* Amerika’da okudunuz, öyle değil mi?- Bir arkadaşım, ailesiyle Amerika’ya yerleşti. “Ben de gideceğim” dedim. Sınava girdim. Bir sürü okuldan kabul geldi. New York yakınlarındaki bir okula gittim. O üç sene beni epey zorladı. Hatta üzücüydü diyebilirim. Karlı bir ocak günü gittim, herkes çoktan tanışıp kaynaşmıştı. Zaten sınıftakiler de pek dost canlısı değildi. Ondan sonra Macaristan’a geçtim. * Neden Macaristan?- Avrupa’da okumayı çok istedim. İlk tercihim Almanya’ydı ama Macaristan oldu. Orası da kötüydü. Devamında buraya dönüp Bilgi Üniversitesi’ne başladım. Televizyon Haberciliği ve Programcılığı’nda üçüncü senemdeyim. * Uzay Heparı gibi önemli bir müzisyenin oğlusunuz, sormamak olmaz; müzik hayatınızın neresinde?- 4-5 yaşımdan beri piyano çalıyorum. Zaten bütün aile müzisyen. Büyük halam konservatuvarda baş öğretmendi, babamı o yetiştirmiş. Beni de klasik müzik eğitiminden geçirmeye çalıştı ama ben hep kulaktan çaldım. Resmi eğitimden kaçtım. 15 gün halama gider Bach’ları, Chopin’leri çalışır, sonra bir ay radyodan duyduğum parçaları çıkartırdım. Son dönemlerde halamın kapısını tekrar çaldım. O eğitime girmeye hazırım.

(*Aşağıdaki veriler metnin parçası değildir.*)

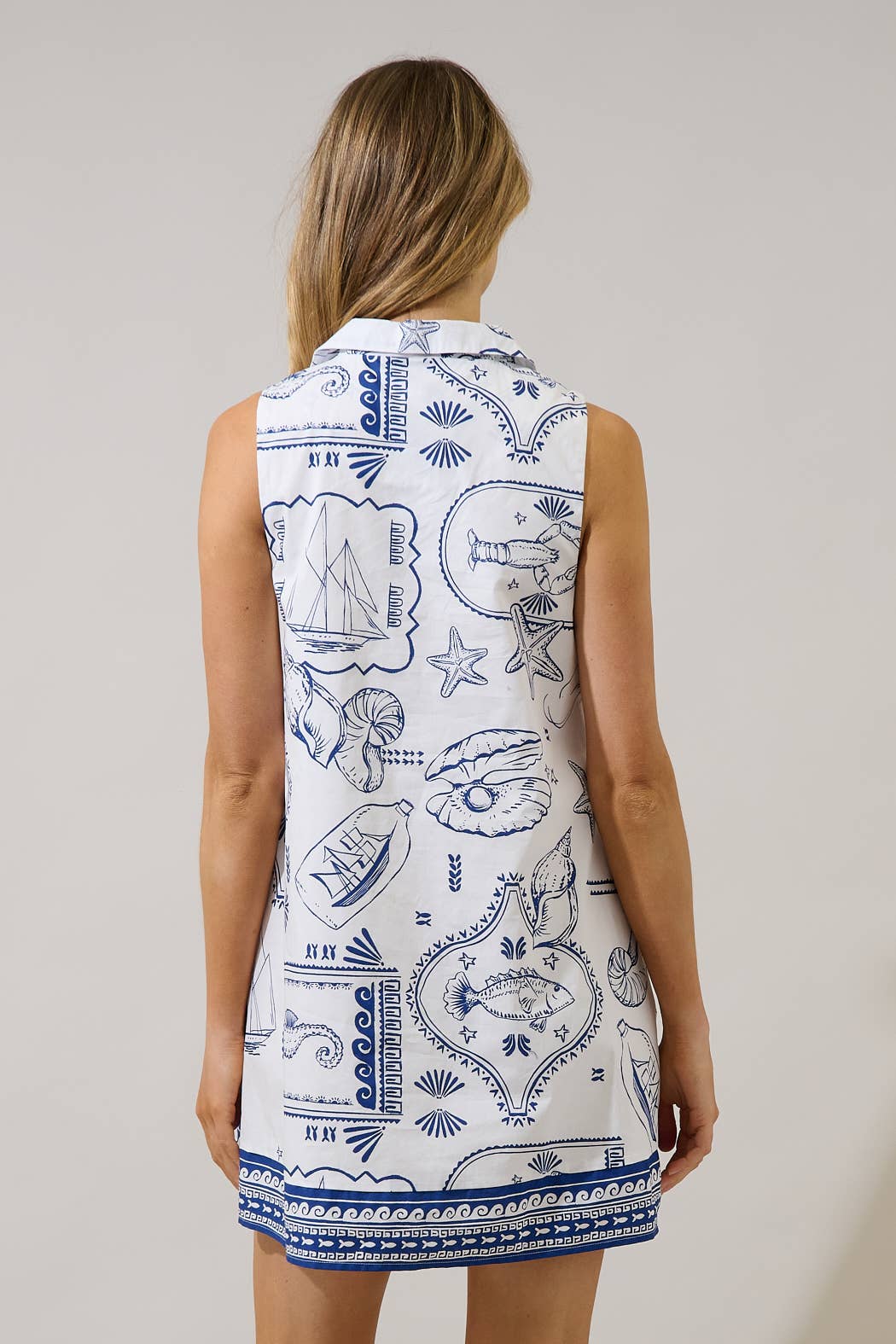 Lexya Collared Shift Mini Dress Seaside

OYUNCULUĞUN DAHA KOLAY OLACAĞINI DÜŞÜNMÜŞTÜM
* Ya oyunculuk, o nasıl başladı? - Hep istediğim bir şeydi. Lisede tiyatroyla ilgiliydim. * Bu konuda kendinize bir yol çizdiniz mi?- Bunu biraz utanarak söylüyorum ama oyunculuğun daha kolay olacağını düşünmüştüm. * Nesi zor geldi?- Keşke bu işe daha fazla eğitim alarak kalkışsaydım. Zaten ilk performanslarımda bu çok belli. Kameraya alışık olmamam, oyunculukla ilgili teknik bilgimin azlığı... Başlarda işin ağırlığını kavrayamadım. Bana oyun gibi geldi. * Eleştirilere açık mısınız?- Geçen gün taksiye bindim, şoför bana “Abi ben senin oyunculuğunu beğenmiyorum. Çok yapmacık ve emanet duruyorsun” dedi. Önce bozuldum. Ama adamın dürüstlüğünü takdir ettim. “Çok iyisin, kralsın” da diyebilirdi. Doğru söyledi. Akşam eve gidip, “İyi oynamadım, kendimi geliştirmem gerek” demezsen, ister 20 ister 50 yaşında ol, bu işi beceremezsin.